**Problem to solve**
Exclude the pictures and repeat all of the data exactly.

═════ Input data ═════

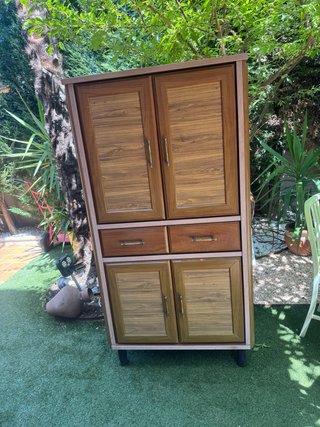 Mueble madera y metal exterior/interior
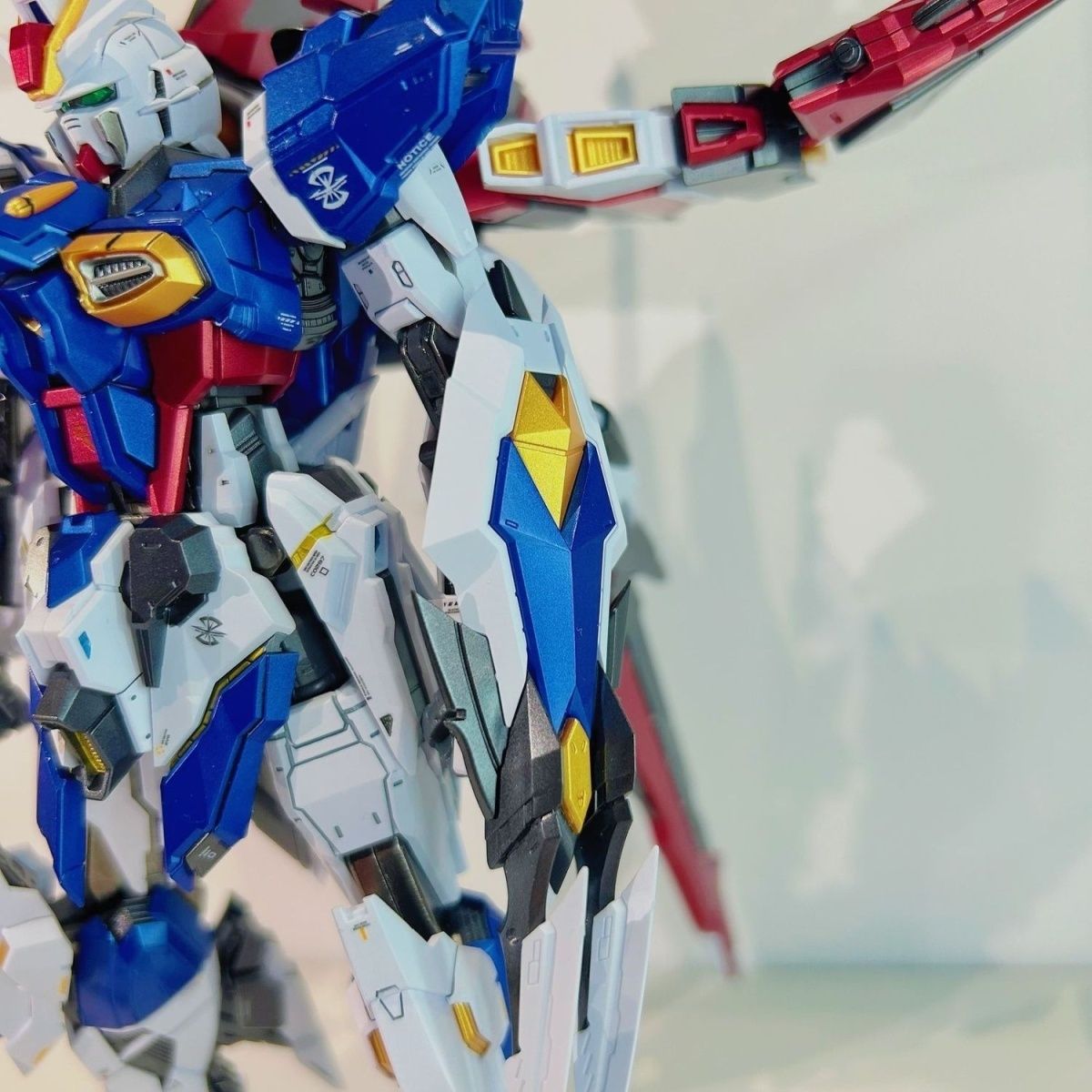 Eagle Model EG-01B 1/100 Metal Frame Kit Metallic Finish Ver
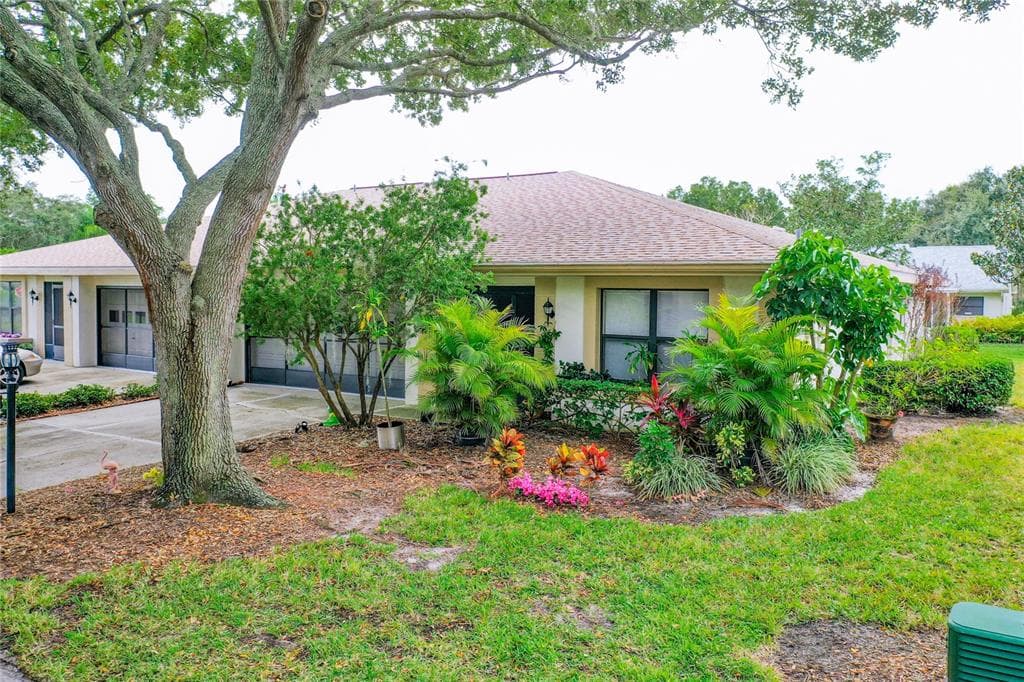 1207 LENHAM COURT UNIT 45 SUN CITY CENTER, FL 33573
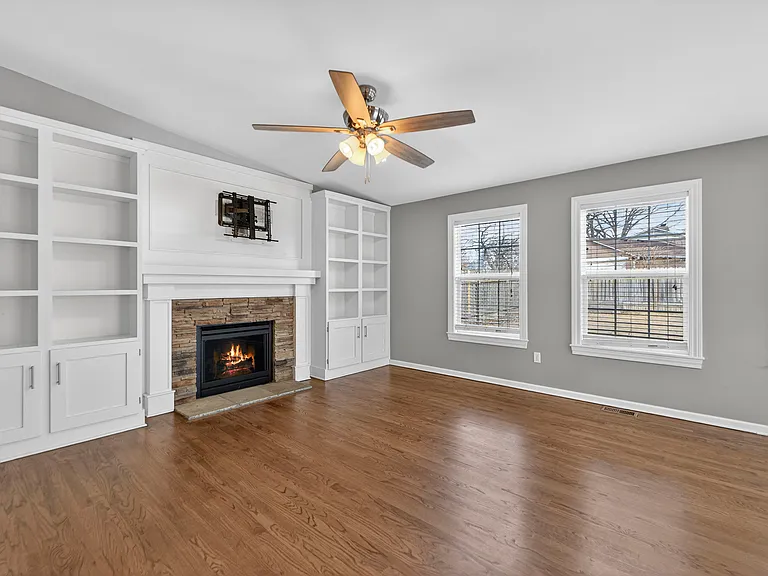 4640 W 70th Ter — Photo 11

═════

**Answer box**
 Mueble madera y metal exterior/interior
 Eagle Model EG-01B 1/100 Metal Frame Kit Metallic Finish Ver
 1207 LENHAM COURT UNIT 45 SUN CITY CENTER, FL 33573
 4640 W 70th Ter — Photo 11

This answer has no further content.